Conventional flanged connections have a ring seal which comprises a corresponding and a circumferentially extending groove on the flange of the frachead body and a circumferentially extending groove on the flange of the spool structure. A deformable ring seal or ring gasket is sandwiched and sealably crushed between the flanges when coupled. The ring gasket is typically expected to seal on its first use, and may only successfully be reused once or twice more. The circumferentially extending grooves for the gasket seals can also deform after repeated installations of new gasket seals, and must eventually be repaired. Such deficiencies in the grooves are usually not apparent and are not noticed until the failure of the seals.

Furthermore, the radial spacing between the bore, the circumferentially extending grooves and the bolts circle of the flange are set by API (American Petroleum Institute) standards and thereby constrain the maximum bore that can extend concentrically therethrough, limiting the maximum size of any wear sleeves. Accordingly, retrofit or provision of a lower tubular member with a wear sleeve results in a smaller wear sleeve bore.

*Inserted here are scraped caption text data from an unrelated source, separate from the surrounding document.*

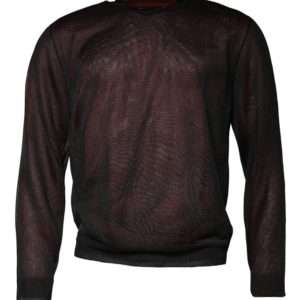 Maroon Polyester Crew Neck Pullover Sweater
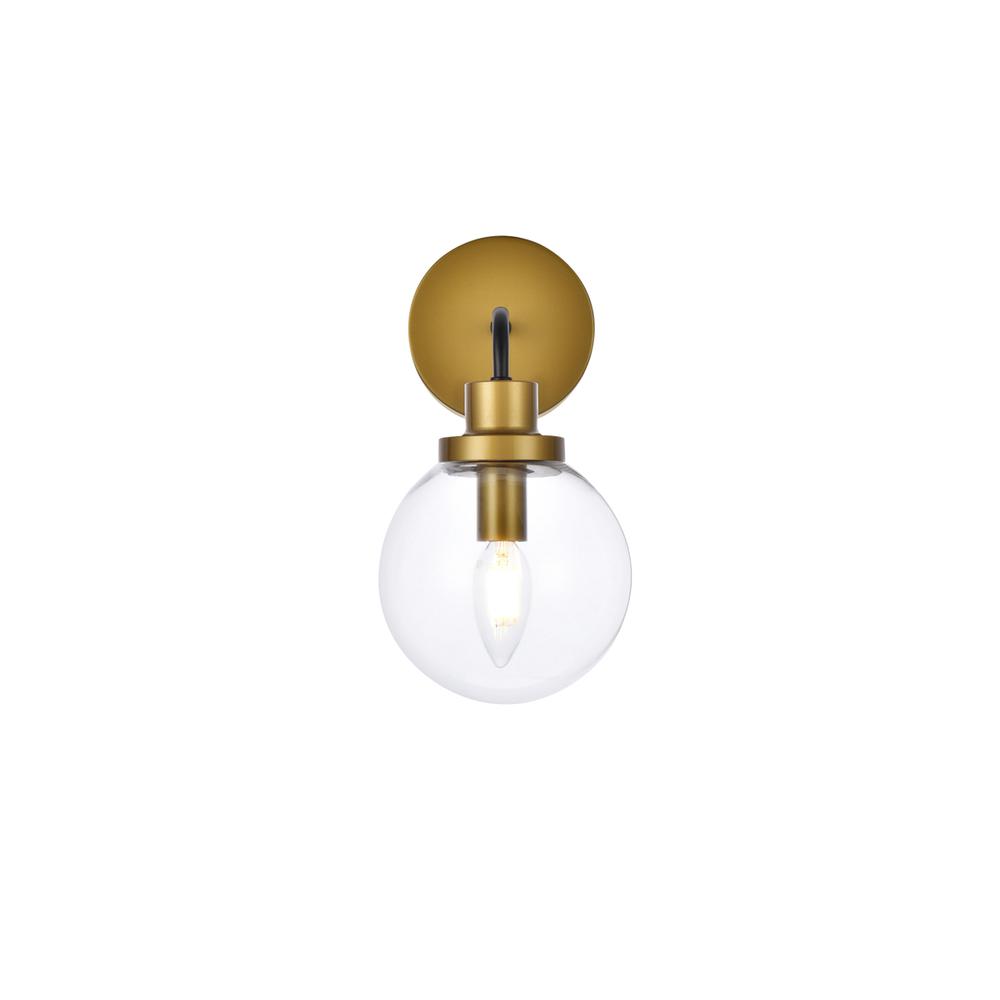 Hanson 1 light bath sconce in black with brass with clear shade. Picture 1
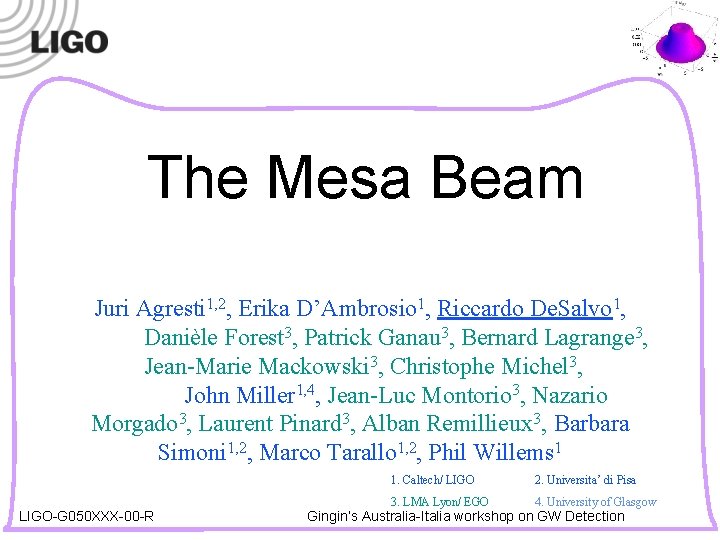 The Mesa Beam Juri Agresti 1, 2, Erika D’Ambrosio 1, Riccardo De. Salvo 1,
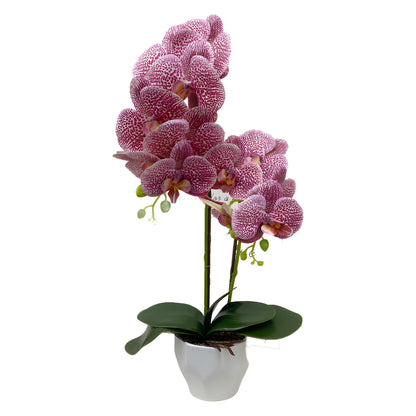 Realistic 3D Printed Orchid Planter Set with Vase – Stunning Artificial Flower Decor for Elegant Home Interiors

There is a need for an improved system for wear sleeves for frac head installations which maximizes the flow bore and obviates the limitations of the existing ring seals.

SUMMARY OF THE INVENTION

A frac block, such as a frachead, is used to accommodate a multi-line hook up to enable maximum pumping rates of pressurized fracturing fluids during a well fracturing stimulation process. A wear sleeve is inserted in the frachead to protect the main body from the highly abrasive fluids. The main body of the frachead is fluidly secured to a lower tubular body in fluid communication with the wellhead. The lower tubular body can be a modified wellhead itself or conveniently a specialized sub, such as a spool inserted therebetween. The wear sleeve comprises a cylindrical sleeve, such as a tubular connector, which is mounted or installed concentrically, in fluid communication with the bore of the frachead, and sealing elements which provide high pressure seals. The tubular connector extends between the frachead and the lower tubular structure, bridging the flange interface created between the frachead and the lower tubular structure.

The tubular connector, having two functions, forms both a wear sleeve to protect the frachead and a seal across the flange interface. The formation of this sealing area negates the requirement for the API ring gasket noted above.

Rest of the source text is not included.